Page 83 of Five Gold Rings
‘They’re vintage Stan Smiths, you’re both the same size and I can’t bear to return them. But I also got you those headphones you wanted, chill.’
He throws his arms around me. ‘Then I am grateful, not hateful. Except towards Chris. Always.’
This is the power and joy of having a twin. He’ll carry that hate for an eternity. He opens the shoes and feigns shock and gratitude, getting a shoe out and holding it to his chest. They’re super rare and I bought them because I knew Chris loved them and I wanted to see that exact same expression when he opened the box. I hope Chris never finds a pair for himself or spends an eternity bidding for them on eBay and never winning that auction.
‘So what did turkey boy say on his text again?’ he says, kicking his boots off and trying on his new trainers. ‘He really just left? Does that not have legs? He had good vibes,’ Noel quizzes me.

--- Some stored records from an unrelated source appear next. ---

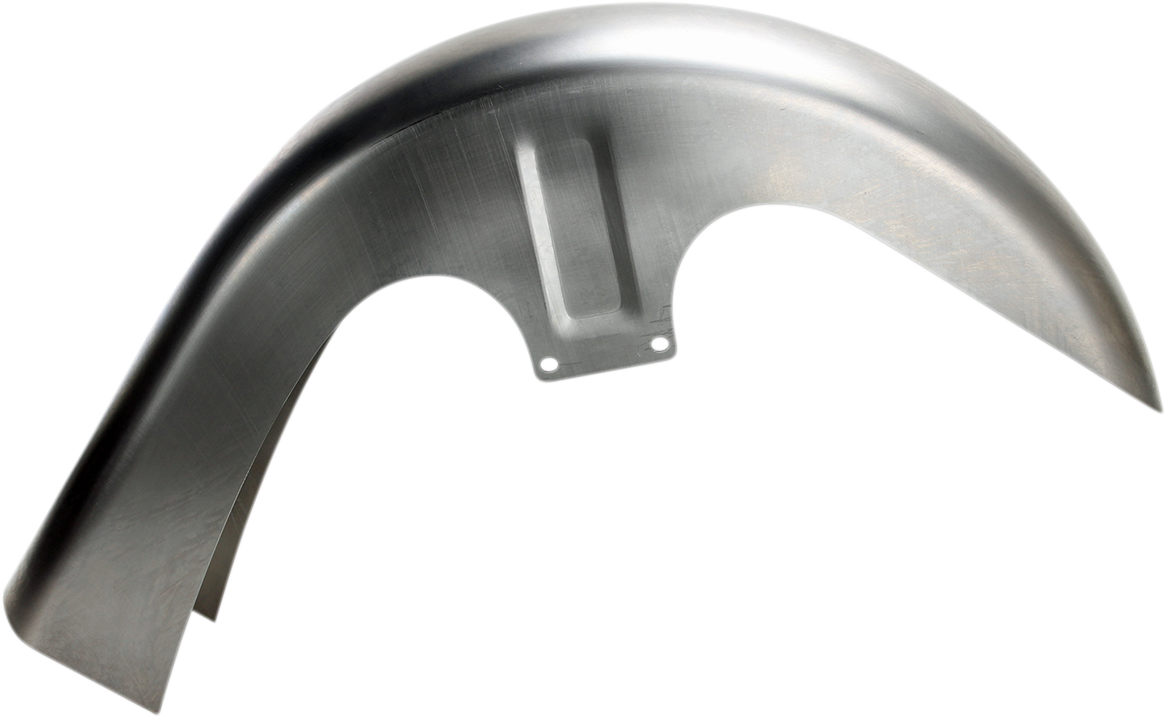 RUSS WERNIMONT DESIGNS Flat Back Dresser Front Fender - 26" - 42 - FL RWD-50220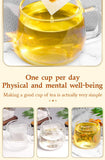 Huomaren Mulberry Leaf Tea Healthy Herb Tea Bag 150g/5.29oz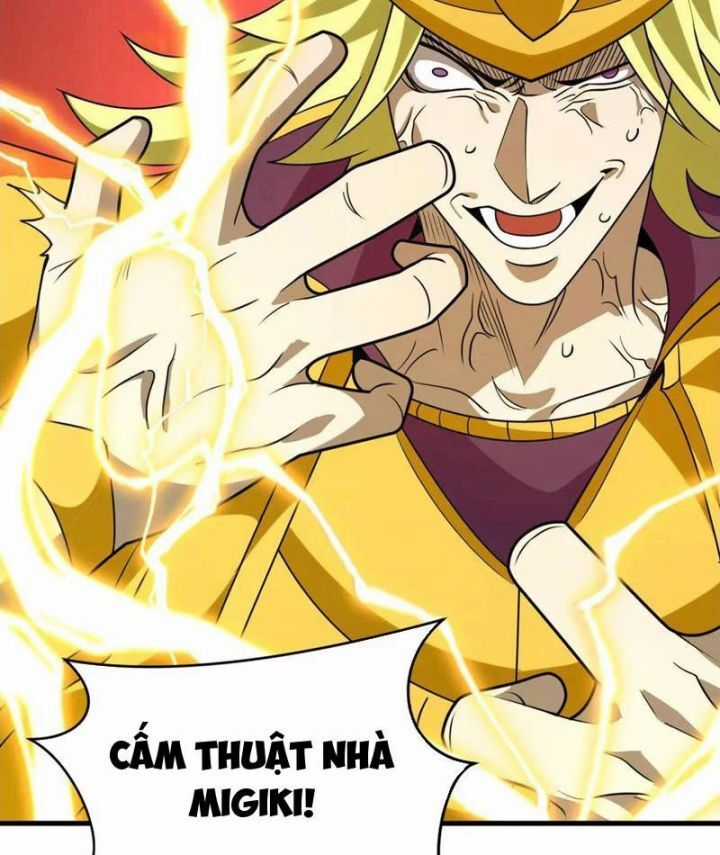 Kỷ Nguyên Kỳ Lạ Chương 470 trang 57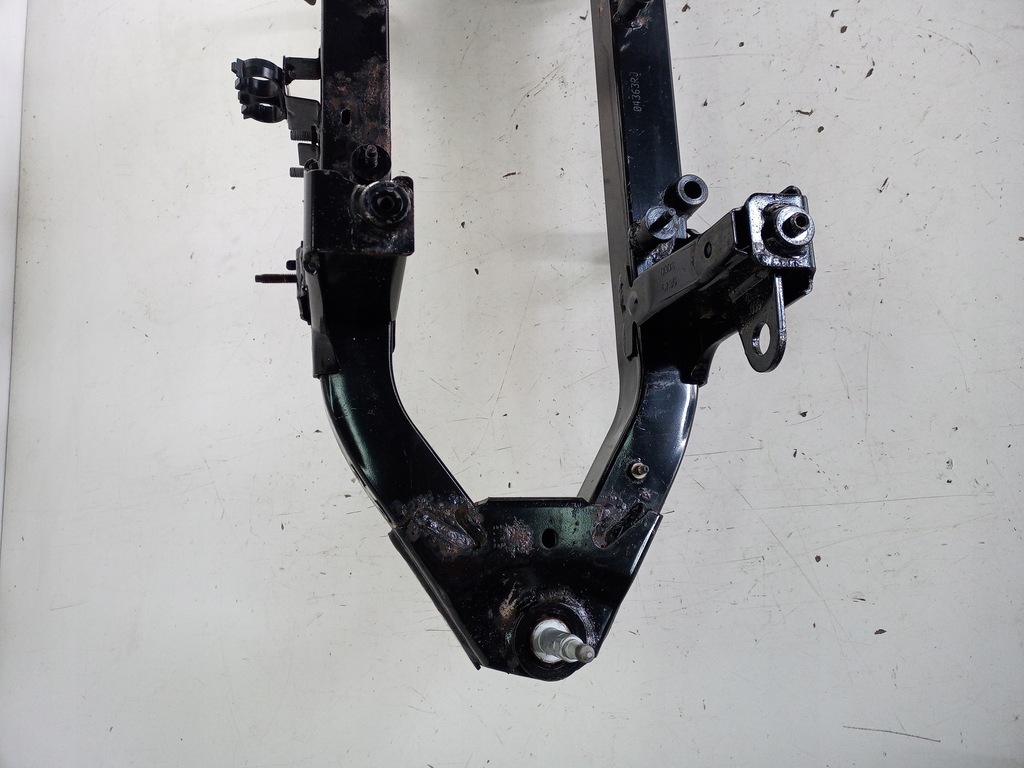 фото №3, Рама кронштейн кронштейн двигателя renault zoe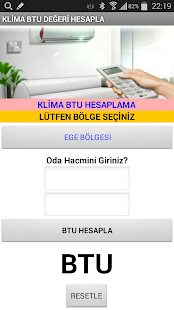 How to mod Klima BTU Değeri Hesaplama 1.3 apk for laptop
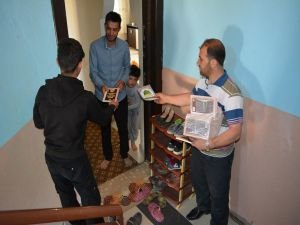 Batman’da kutlu doğum kapsamında 100 bin siyer kitabı dağıtılıyor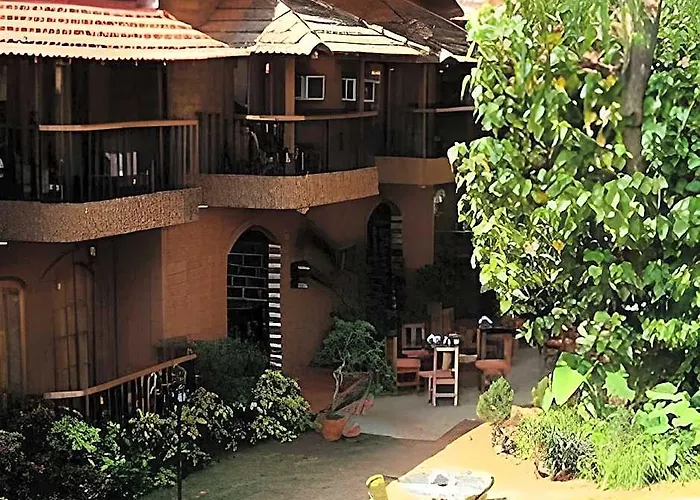 Sea Breeze Beach Hotel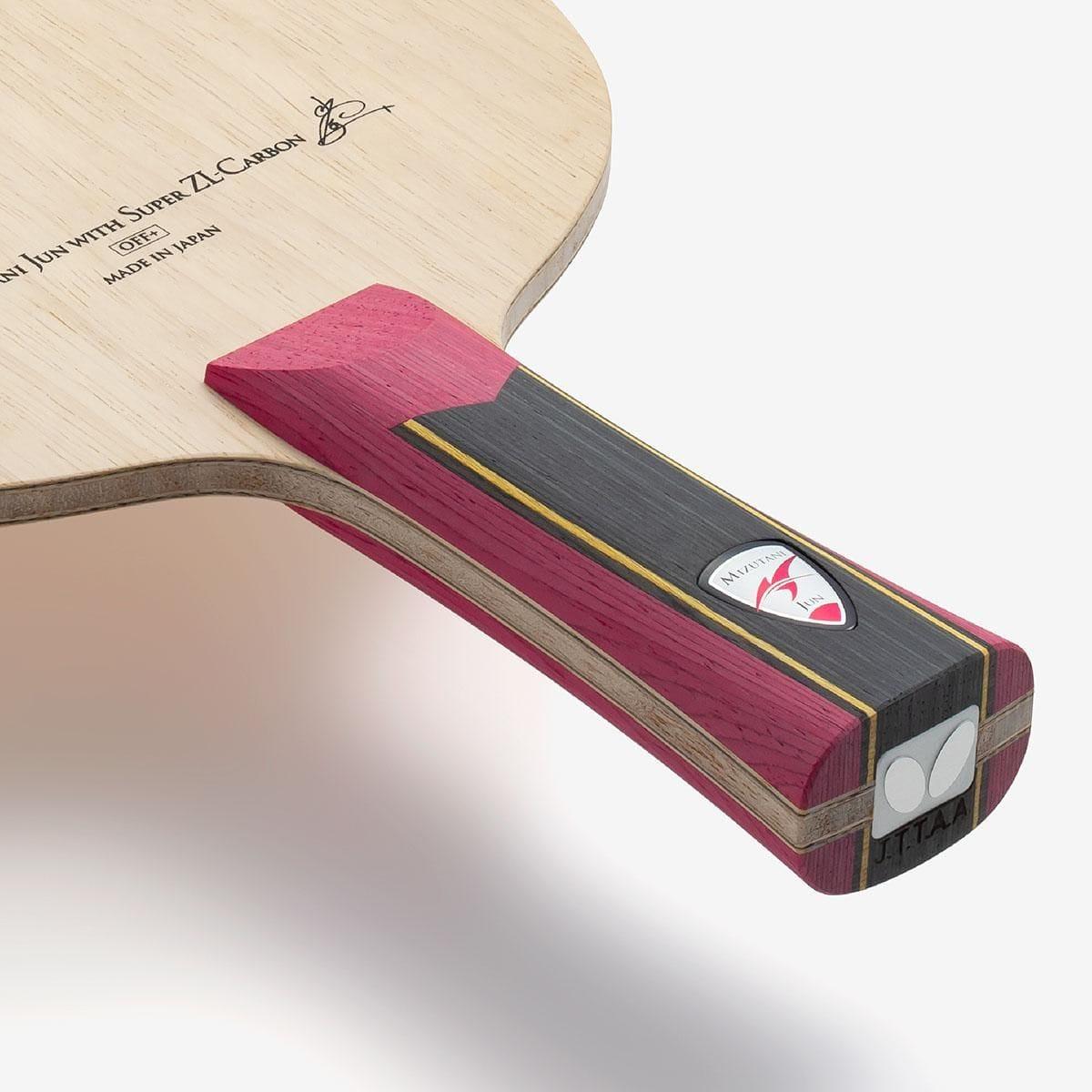Butterfly Mizutani Jun Super ZLC Blade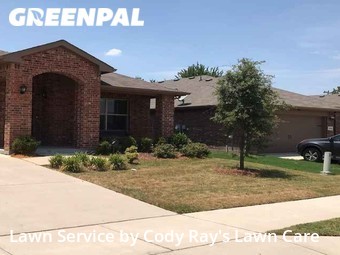 Lawn Mow nearby Fort Worth, TX, 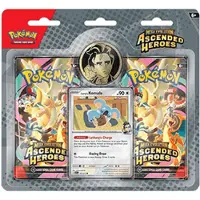 Pokémon - Mega Evolution ME02.5: Ascended Heroes - 2-Pack Blister (POK10312-101)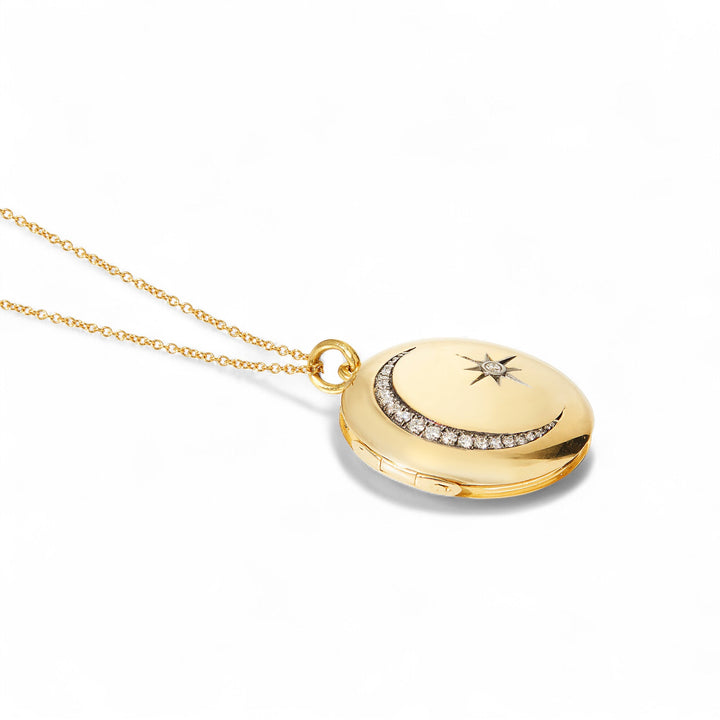 Luna Nova Locket - Lunar - Ileana Makri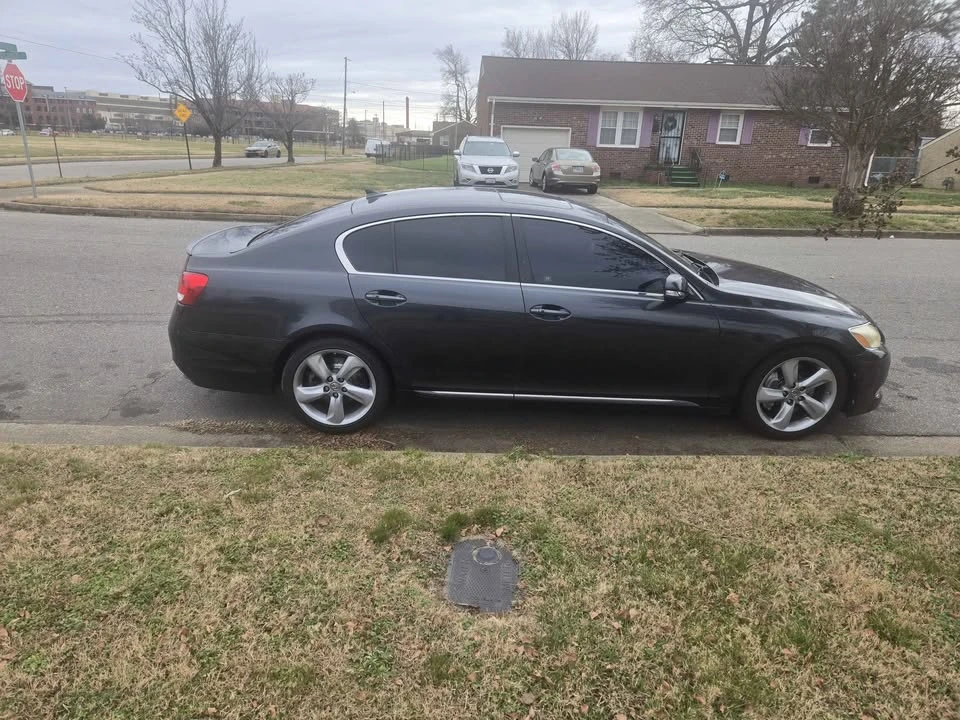 2009 Lexus GS 3rd Gen - Image 4 of 8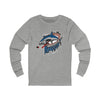 Baton Rouge Kingfish Long Sleeve Shirt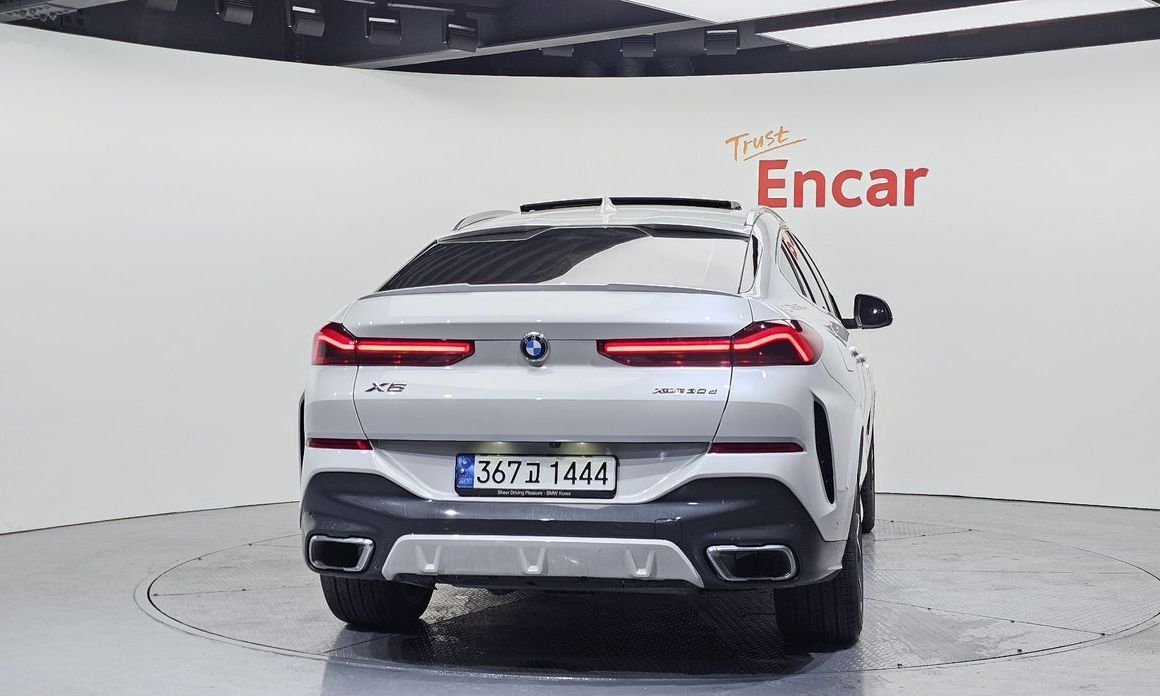 BMW X6 xDrive30d M Sport, 2023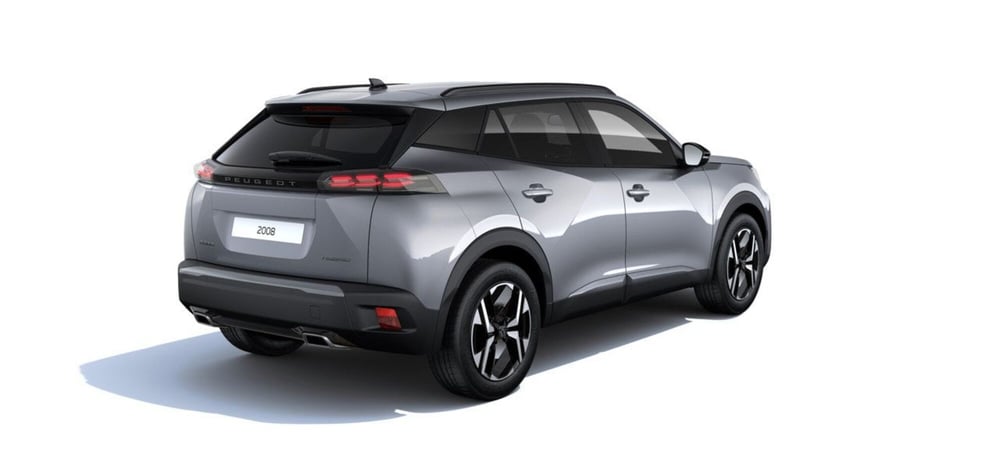 Peugeot 2008 nuova a Bari (6)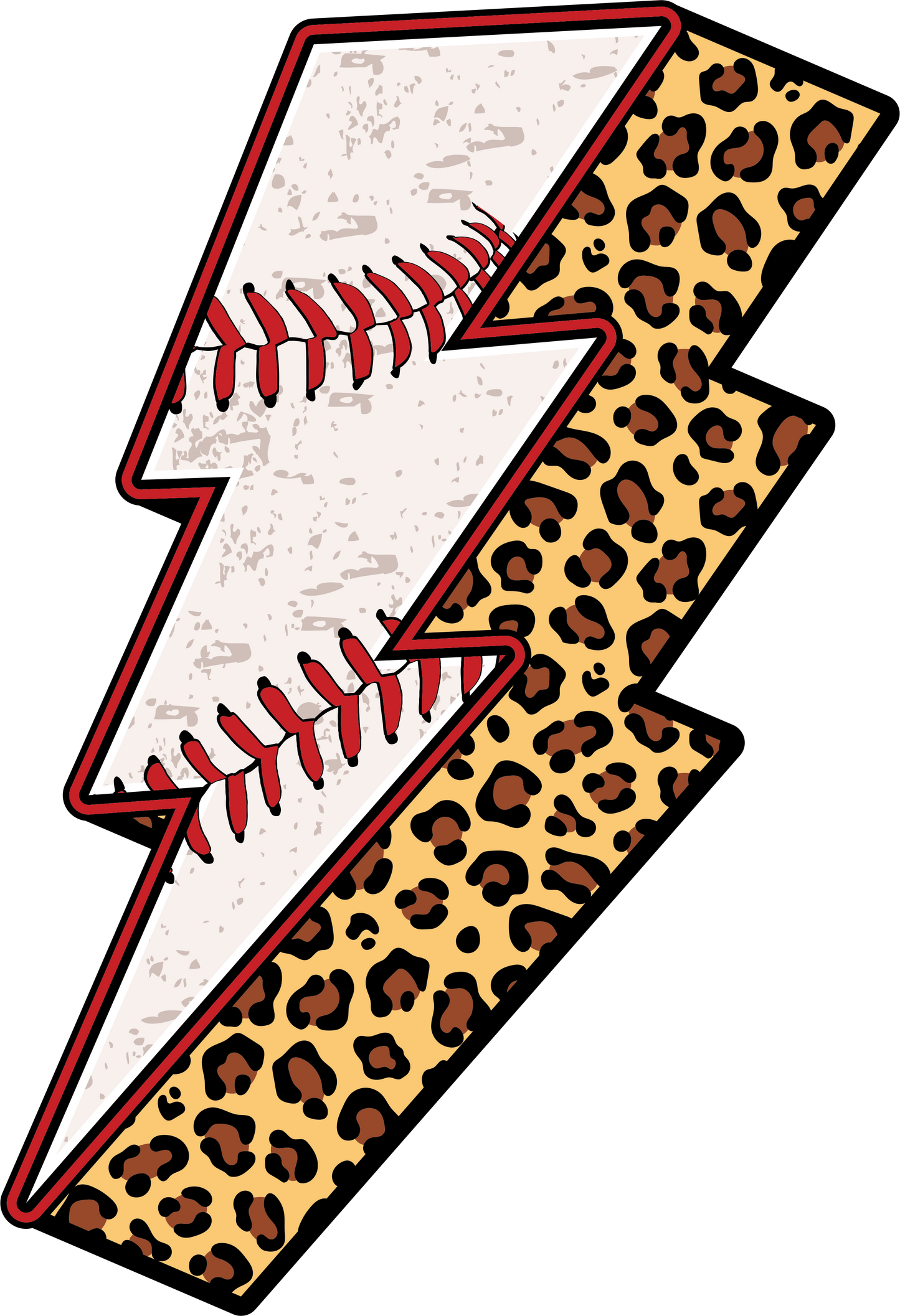 Baseball ZigZag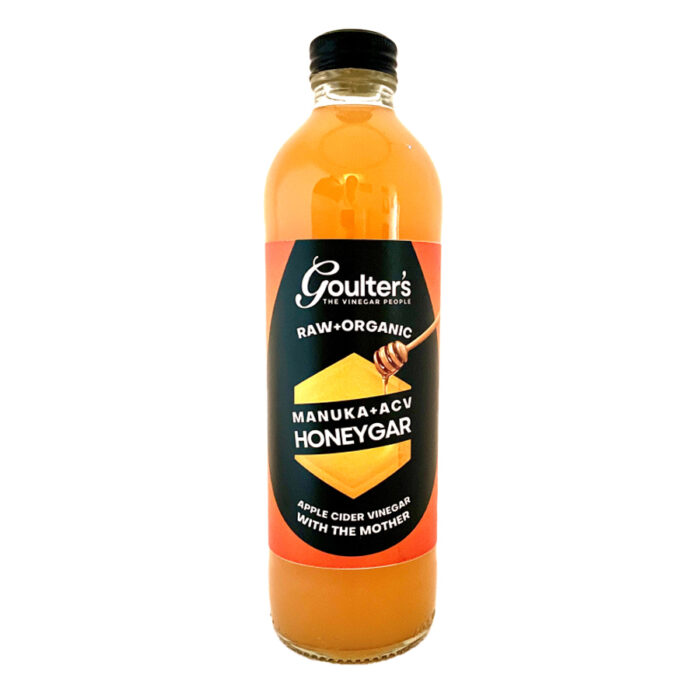 Organic Honeygar - Image 2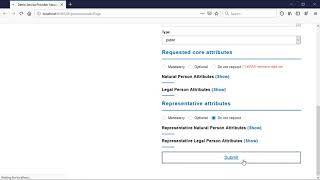 Authentication Bypass in eIDASNode Proof of concept [upl. by Fitzgerald457]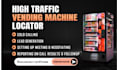 vending machine vending locator lead generation cold calling atm machine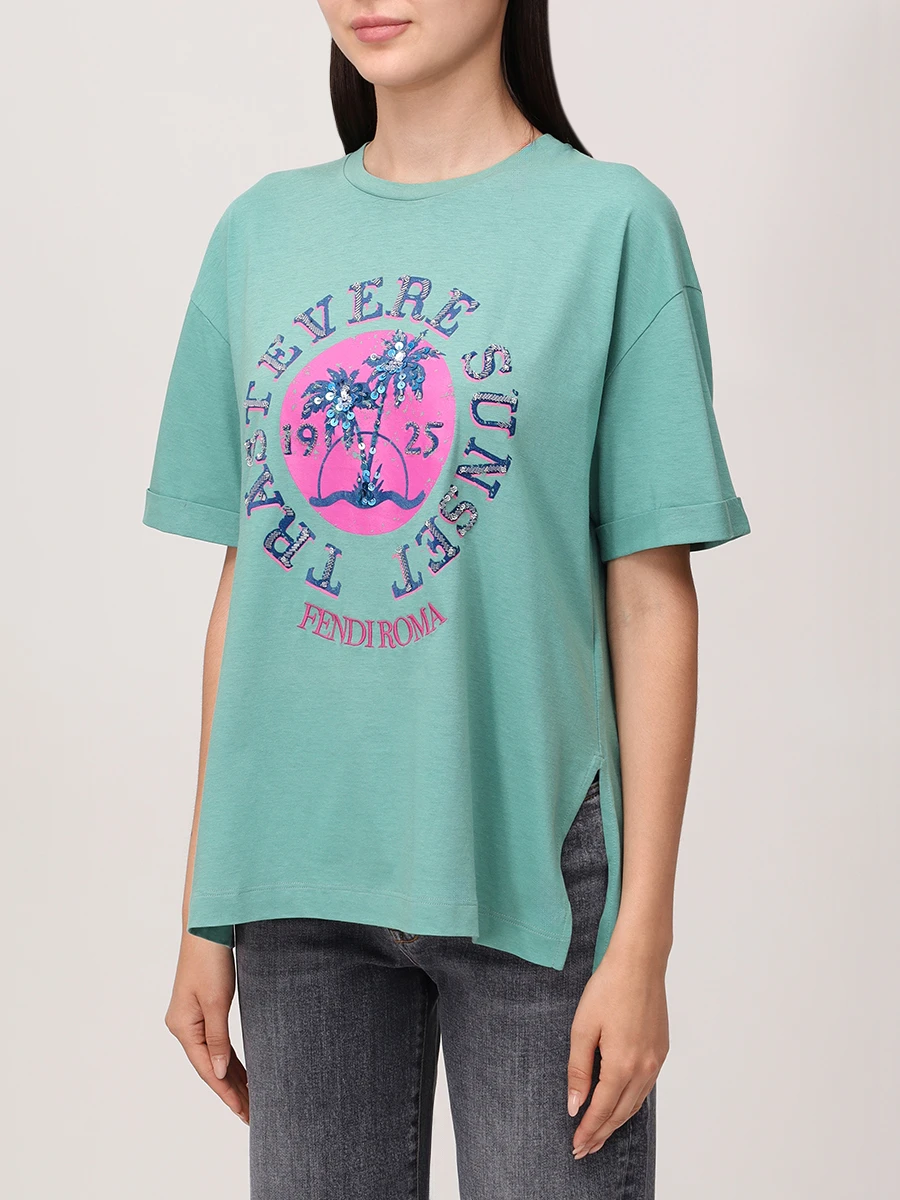 Футболка хлопковая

‘I don’t know what happened. All I can imagine is the last few days have been fun, but it just ran its course,’ I say, lining up chocolates on my knee. ‘Maybe in the New Year when I’m less of mess and the air has cleared. Maybe. Maybe it’s just veered into platonic. I just don’t think he’s into me like that.’
‘Is it your feet?’ he asks me.
‘What’s wrong with my feet?’
‘You have very strange little toes, they’re like cashew nuts hanging on at the end there.’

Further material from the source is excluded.